Vakıfbank bunu hep yapıyor


Dün Vakıfbank'ın Cannes takımıyla Şampiyonlar Ligi karşılaşması vardı. Vakıfbank'ın yendiği Eczacıbaşı'nın iki karşılaşmada da yendiği ve Vakıfbank'ın ilk karşılaşmada 3-0 yendiği Cannes takımı ikinci maçı 3-1 alarak Altın Set'e gitti ve Vakıfbank güç bela 15-12 ancak alabildi maçı 4'lü finale çıkabilmek için. Cannes takımı eski gücünde olan bir takım değil aslında oyuncu kalitesi bakımından falan ama maçı resmen istiyorlardı. Vakıfbank da 73 hafta sonra bir takıma, Fenerbahçe'ye yenilerek sanki direnci kırılmış, dünyanın en güçlü takımı olmakla alakası kalmamış gibiydi. Bir takımda bütün oyuncuların sözleşmiş gibi kötü olmaları, takımı da, antrenörü de gerçekten çaresiz bırakıyor. Oysa karşı takımın gücü ortada. Küçücük bir kıpırdanma olsa hiçbir şey yapamayacaklar. Vakıfbank durdukça, Cannes takımı coştu dün. Tabi Nadia Centoni'yi tebrik etmek gerekiyor. Cannes'ın % 75'i, O'ydu çünkü. Daha önceki yıllarda da Vakıfbank gene aynı şekilde ilk maçta 3-0 yendiği Cannes'a ikinci maçı verip, Altın Set'de veda etmişti Şampiyonlar Ligi'ne.
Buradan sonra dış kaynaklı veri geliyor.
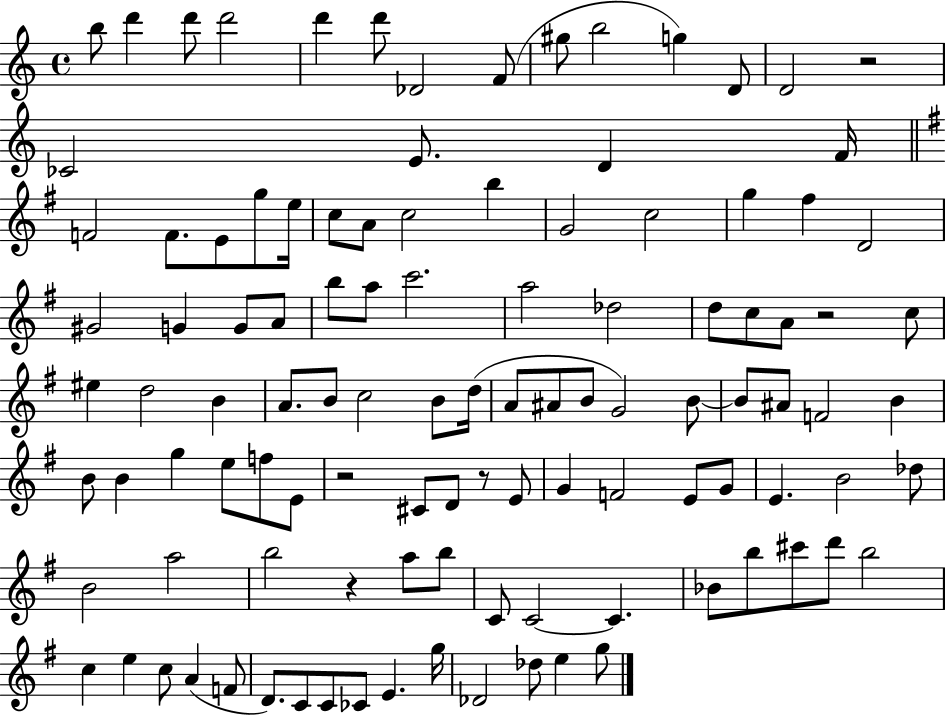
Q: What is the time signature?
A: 4/4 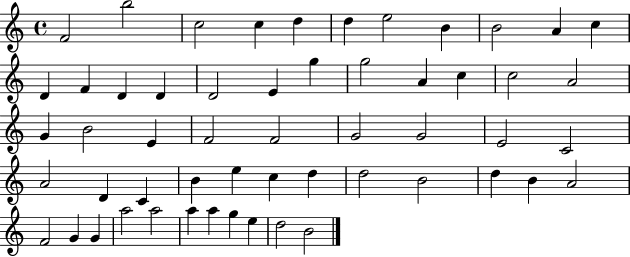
X:1
T:Untitled
M:4/4
L:1/4
K:C
F2 b2 c2 c d d e2 B B2 A c D F D D D2 E g g2 A c c2 A2 G B2 E F2 F2 G2 G2 E2 C2 A2 D C B e c d d2 B2 d B A2 F2 G G a2 a2 a a g e d2 B2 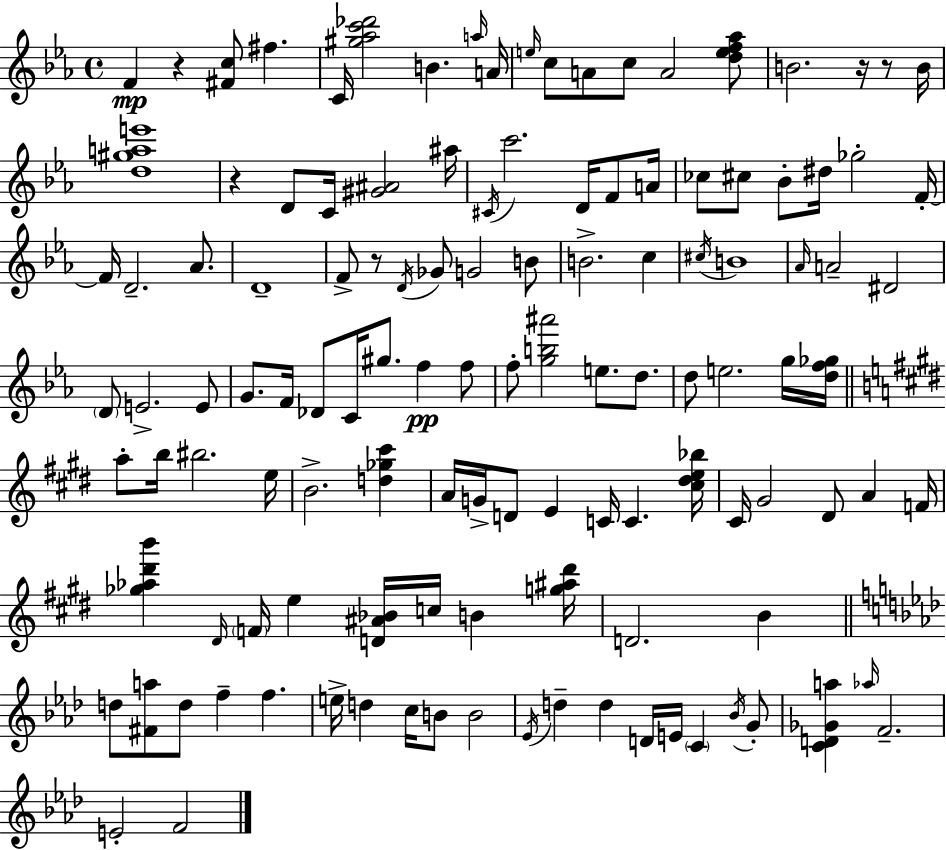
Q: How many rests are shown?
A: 5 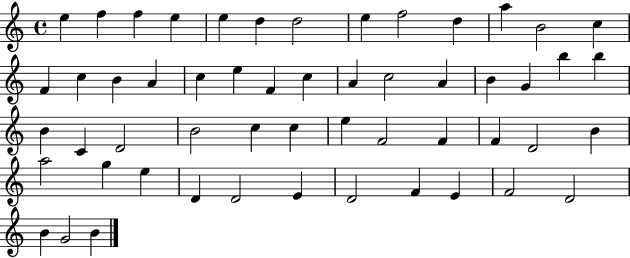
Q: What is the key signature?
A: C major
Bu sene de aynısı tekrar etti ama 2 sayı farkla yoluna devam eden taraf Vakıfbank oldu. Doğrusu bu sene Şampiyonlar Ligi'nde Türk takımlarına çok güvenmiyorum. Eczacıbaşı'nın 3 büyük transferi sakat çıktı, Vakıfbank'ta da sanki bir doymuşluk var gibi. Gerçi Eczacıbaşı'nın bu yıl şampiyon olmasını çok isterim milli oyuncularımız Esra, Neslihan ve Gülden'in de bu şampiyonadan madalya almaları için ama Eczacıbaşı'nın şeytanın bacağını kırabilmesi için mucize gerekiyor. Vakıfbank'a her halukarda daha çok güveniyorum. Çünkü Vakıfbank asla vazgeçmeyip sonuna kadar umudunu yitirmeyen, vazgeçmeyen-pes etmeyen takımlardan. İnsan Fenerbahçe'nin bu yılki kadrosunu düşünüce, CEV'in kurbanı olmayıp keşke Şampiyonlar Ligi'nde bu yıl onlar oynayabilseydi diyor. Oynasaydı bu yıl da Şampiyonlar Ligi kupası garanti ülkemizdeydi. Ama ben gene de umudumu kesmek istemiyorum Eczacıbaşı ve Vakıfbank'tan.